### TASK BRIEF
Use the entries below and reproduce exactly the lines from the one containing "IkErna Pipe 6" down to the one containing "G31SNA District Of Columbia License Plate", both of them included.

### Stored data entries
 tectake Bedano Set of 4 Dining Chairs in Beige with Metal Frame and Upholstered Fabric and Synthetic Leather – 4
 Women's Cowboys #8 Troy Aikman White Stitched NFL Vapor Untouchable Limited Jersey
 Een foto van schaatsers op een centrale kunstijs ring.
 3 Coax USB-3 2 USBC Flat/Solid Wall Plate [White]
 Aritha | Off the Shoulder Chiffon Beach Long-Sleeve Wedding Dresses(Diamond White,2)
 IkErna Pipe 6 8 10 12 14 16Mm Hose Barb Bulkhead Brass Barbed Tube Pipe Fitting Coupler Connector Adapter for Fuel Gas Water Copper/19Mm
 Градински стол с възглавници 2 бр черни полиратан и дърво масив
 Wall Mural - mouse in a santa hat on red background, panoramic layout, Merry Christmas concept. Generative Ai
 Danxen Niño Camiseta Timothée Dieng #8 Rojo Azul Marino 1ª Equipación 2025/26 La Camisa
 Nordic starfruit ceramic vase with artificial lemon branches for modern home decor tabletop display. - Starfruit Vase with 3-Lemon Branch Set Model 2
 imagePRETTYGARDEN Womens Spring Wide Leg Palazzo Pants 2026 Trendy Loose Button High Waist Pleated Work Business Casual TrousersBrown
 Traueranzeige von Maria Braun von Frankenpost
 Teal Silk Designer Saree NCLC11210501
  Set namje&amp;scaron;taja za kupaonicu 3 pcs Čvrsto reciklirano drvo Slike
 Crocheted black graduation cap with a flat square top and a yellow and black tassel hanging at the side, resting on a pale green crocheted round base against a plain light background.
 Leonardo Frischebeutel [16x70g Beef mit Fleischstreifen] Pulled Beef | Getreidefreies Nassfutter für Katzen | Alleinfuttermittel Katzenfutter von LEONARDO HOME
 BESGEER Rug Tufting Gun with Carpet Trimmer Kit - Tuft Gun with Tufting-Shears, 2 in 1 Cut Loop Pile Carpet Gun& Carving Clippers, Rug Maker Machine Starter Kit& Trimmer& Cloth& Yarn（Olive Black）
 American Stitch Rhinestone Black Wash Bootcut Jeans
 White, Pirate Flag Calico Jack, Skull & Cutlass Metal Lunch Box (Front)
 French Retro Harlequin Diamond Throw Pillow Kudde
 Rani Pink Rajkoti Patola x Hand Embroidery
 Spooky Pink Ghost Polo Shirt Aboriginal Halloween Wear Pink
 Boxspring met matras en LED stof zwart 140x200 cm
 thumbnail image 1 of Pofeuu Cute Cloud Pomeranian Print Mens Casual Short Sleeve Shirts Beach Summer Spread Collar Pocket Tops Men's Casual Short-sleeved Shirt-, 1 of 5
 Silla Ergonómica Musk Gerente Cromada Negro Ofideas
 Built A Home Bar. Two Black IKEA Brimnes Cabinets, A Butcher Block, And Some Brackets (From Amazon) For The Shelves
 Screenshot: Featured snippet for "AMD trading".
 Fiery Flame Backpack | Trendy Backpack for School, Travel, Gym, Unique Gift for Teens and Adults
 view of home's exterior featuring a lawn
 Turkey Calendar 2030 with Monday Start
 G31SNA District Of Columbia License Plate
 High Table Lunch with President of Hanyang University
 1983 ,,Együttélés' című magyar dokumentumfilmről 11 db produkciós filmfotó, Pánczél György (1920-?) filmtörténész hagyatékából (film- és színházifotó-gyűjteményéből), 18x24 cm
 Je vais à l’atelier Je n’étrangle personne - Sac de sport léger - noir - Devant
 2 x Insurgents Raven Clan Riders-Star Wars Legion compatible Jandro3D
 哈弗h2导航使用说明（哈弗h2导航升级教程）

### WORKED SOLUTION
 IkErna Pipe 6 8 10 12 14 16Mm Hose Barb Bulkhead Brass Barbed Tube Pipe Fitting Coupler Connector Adapter for Fuel Gas Water Copper/19Mm
 Градински стол с възглавници 2 бр черни полиратан и дърво масив
 Wall Mural - mouse in a santa hat on red background, panoramic layout, Merry Christmas concept. Generative Ai
 Danxen Niño Camiseta Timothée Dieng #8 Rojo Azul Marino 1ª Equipación 2025/26 La Camisa
 Nordic starfruit ceramic vase with artificial lemon branches for modern home decor tabletop display. - Starfruit Vase with 3-Lemon Branch Set Model 2
 imagePRETTYGARDEN Womens Spring Wide Leg Palazzo Pants 2026 Trendy Loose Button High Waist Pleated Work Business Casual TrousersBrown
 Traueranzeige von Maria Braun von Frankenpost
 Teal Silk Designer Saree NCLC11210501
  Set namje&amp;scaron;taja za kupaonicu 3 pcs Čvrsto reciklirano drvo Slike
 Crocheted black graduation cap with a flat square top and a yellow and black tassel hanging at the side, resting on a pale green crocheted round base against a plain light background.
 Leonardo Frischebeutel [16x70g Beef mit Fleischstreifen] Pulled Beef | Getreidefreies Nassfutter für Katzen | Alleinfuttermittel Katzenfutter von LEONARDO HOME
 BESGEER Rug Tufting Gun with Carpet Trimmer Kit - Tuft Gun with Tufting-Shears, 2 in 1 Cut Loop Pile Carpet Gun& Carving Clippers, Rug Maker Machine Starter Kit& Trimmer& Cloth& Yarn（Olive Black）
 American Stitch Rhinestone Black Wash Bootcut Jeans
 White, Pirate Flag Calico Jack, Skull & Cutlass Metal Lunch Box (Front)
 French Retro Harlequin Diamond Throw Pillow Kudde
 Rani Pink Rajkoti Patola x Hand Embroidery
 Spooky Pink Ghost Polo Shirt Aboriginal Halloween Wear Pink
 Boxspring met matras en LED stof zwart 140x200 cm
 thumbnail image 1 of Pofeuu Cute Cloud Pomeranian Print Mens Casual Short Sleeve Shirts Beach Summer Spread Collar Pocket Tops Men's Casual Short-sleeved Shirt-, 1 of 5
 Silla Ergonómica Musk Gerente Cromada Negro Ofideas
 Built A Home Bar. Two Black IKEA Brimnes Cabinets, A Butcher Block, And Some Brackets (From Amazon) For The Shelves
 Screenshot: Featured snippet for "AMD trading".
 Fiery Flame Backpack | Trendy Backpack for School, Travel, Gym, Unique Gift for Teens and Adults
 view of home's exterior featuring a lawn
 Turkey Calendar 2030 with Monday Start
 G31SNA District Of Columbia License Plate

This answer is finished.